- THE PROBLEM: For the material below, the expected output is exactly the lines between the line holding "1208 Draper Road" and the line holding "Aerial View of", inclusive, with pictures left out.

- RECORDS:
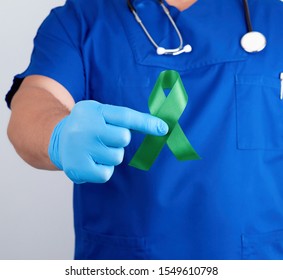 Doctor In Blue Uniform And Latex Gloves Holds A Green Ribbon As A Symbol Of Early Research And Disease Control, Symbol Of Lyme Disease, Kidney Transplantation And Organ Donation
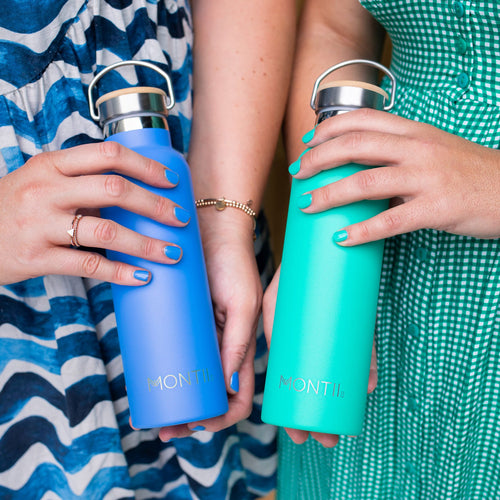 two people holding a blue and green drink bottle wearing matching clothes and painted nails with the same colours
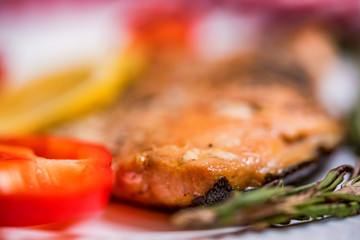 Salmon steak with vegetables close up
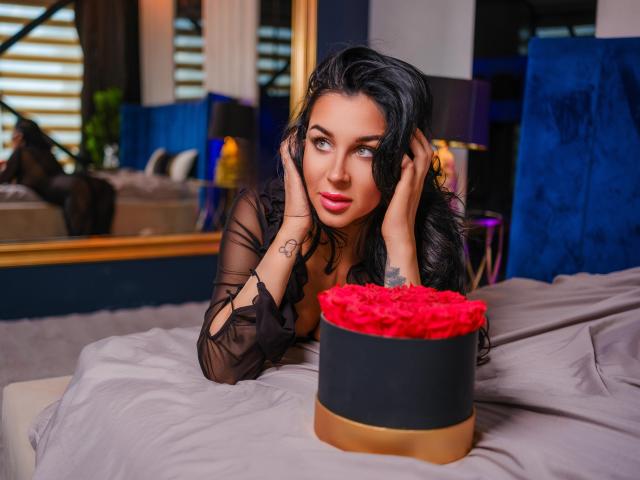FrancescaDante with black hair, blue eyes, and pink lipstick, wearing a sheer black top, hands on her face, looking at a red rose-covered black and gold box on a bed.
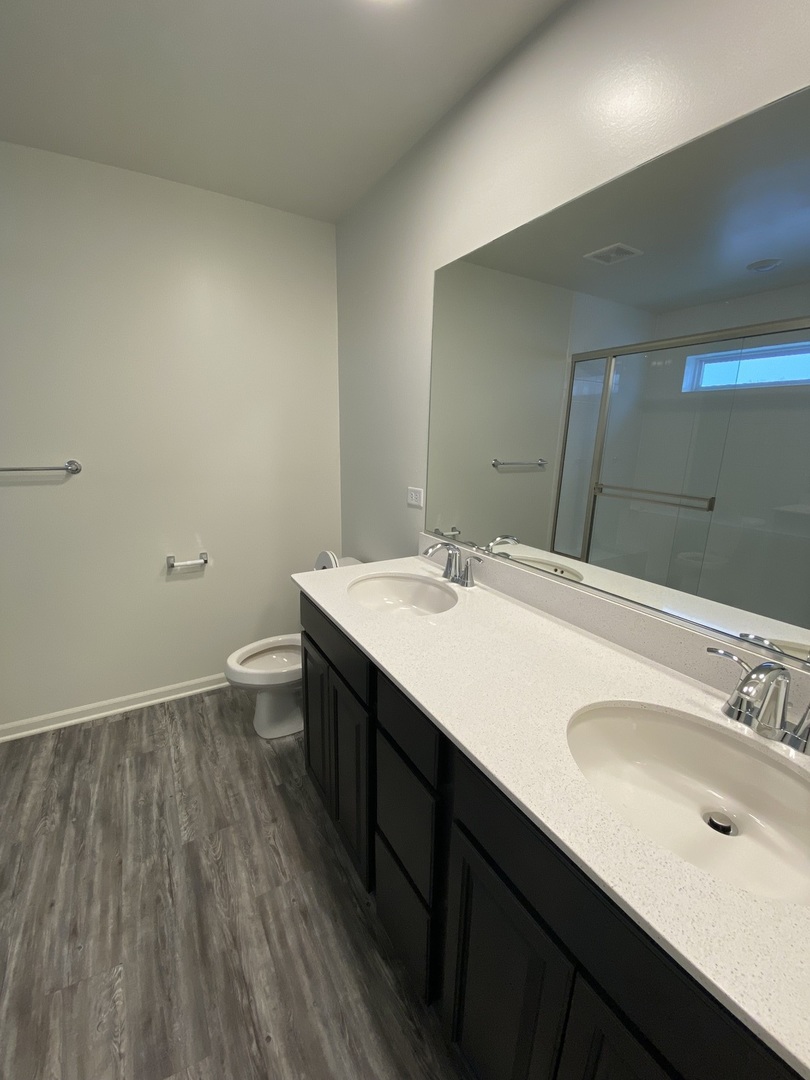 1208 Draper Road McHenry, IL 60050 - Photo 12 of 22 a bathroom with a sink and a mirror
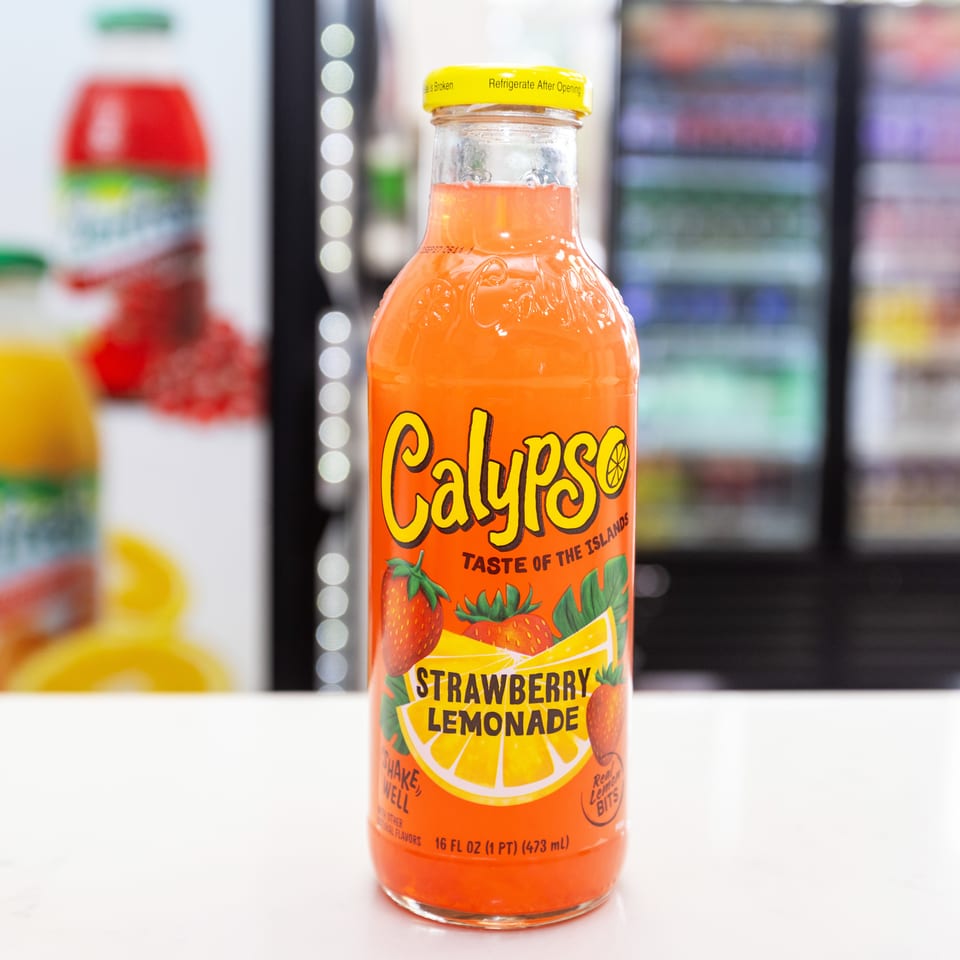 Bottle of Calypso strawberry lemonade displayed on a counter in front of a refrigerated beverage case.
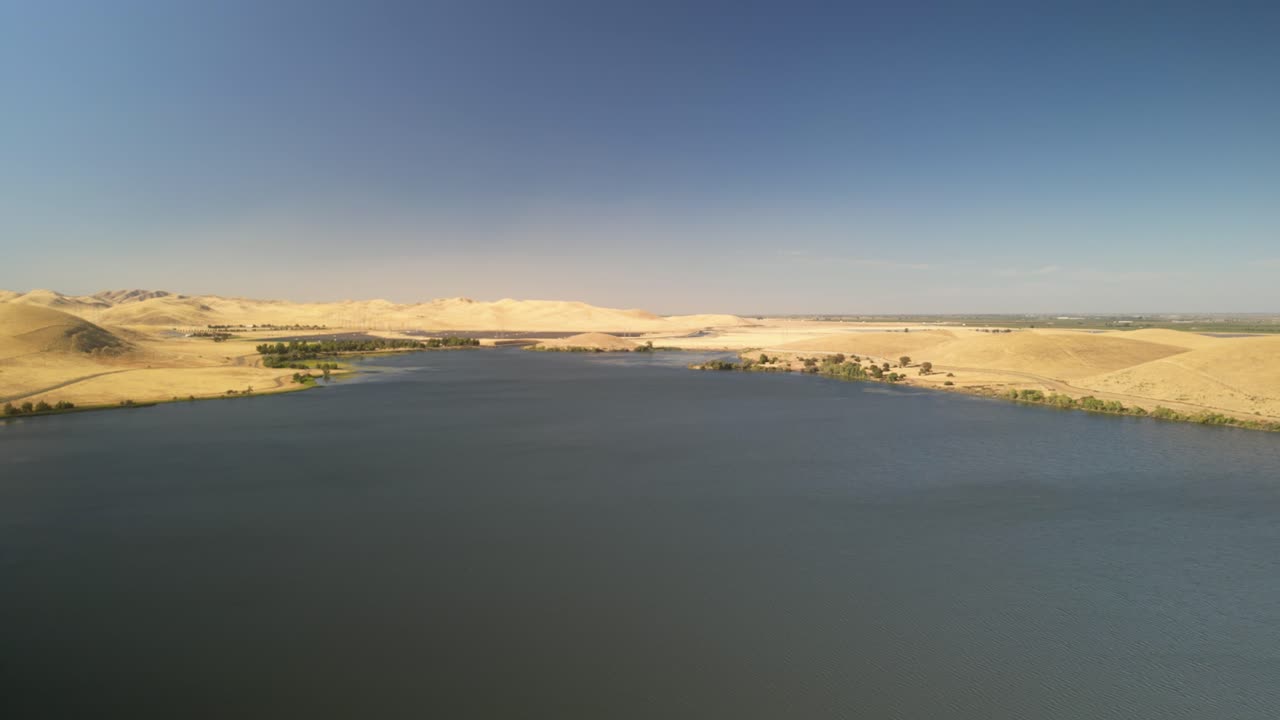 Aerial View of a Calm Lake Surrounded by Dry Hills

==

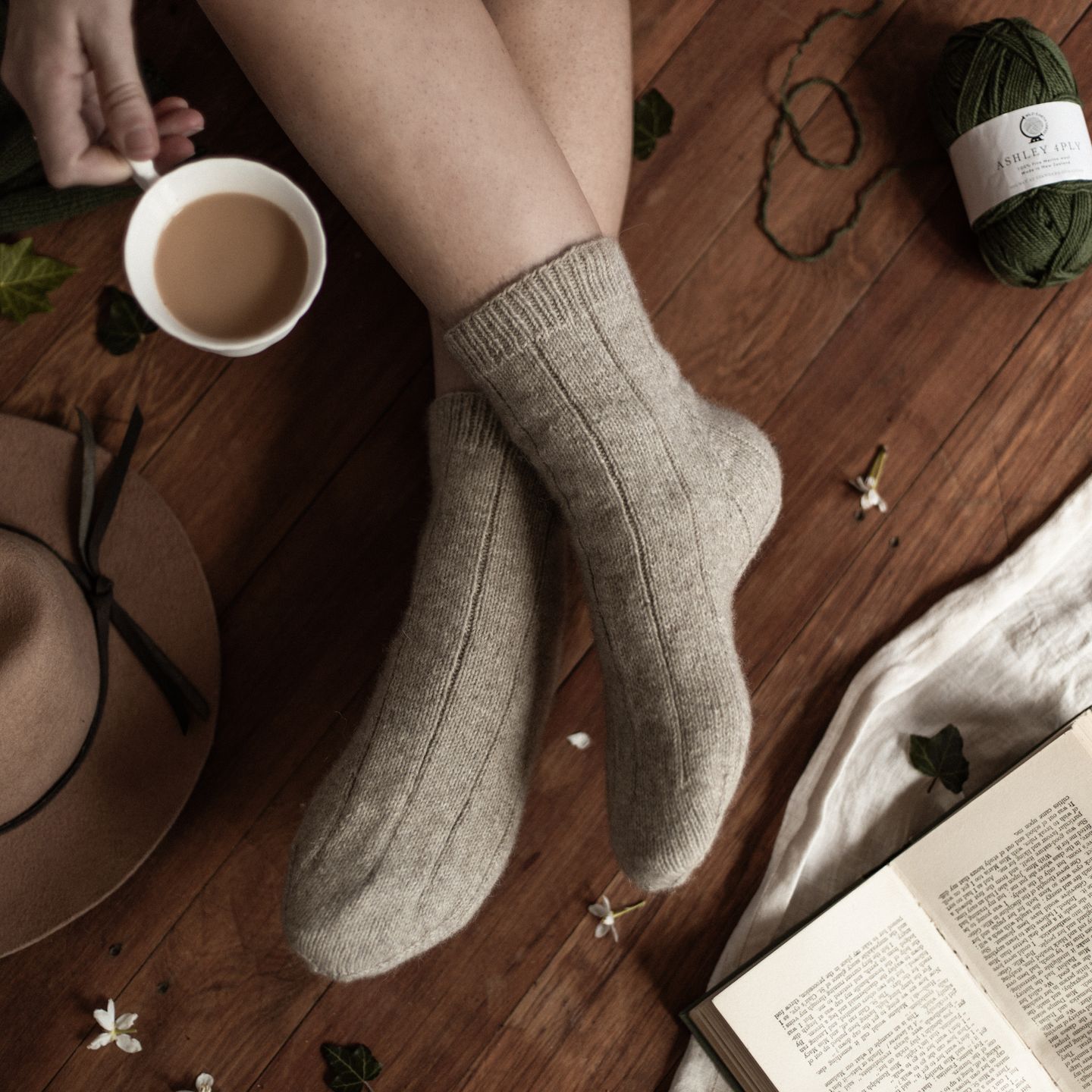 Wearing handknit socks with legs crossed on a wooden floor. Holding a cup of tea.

--

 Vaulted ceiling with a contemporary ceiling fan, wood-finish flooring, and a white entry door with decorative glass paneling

- ANSWER TO THIS EXERCISE:
 1208 Draper Road McHenry, IL 60050 - Photo 12 of 22 a bathroom with a sink and a mirror
 Bottle of Calypso strawberry lemonade displayed on a counter in front of a refrigerated beverage case.
 Aerial View of a Calm Lake Surrounded by Dry Hills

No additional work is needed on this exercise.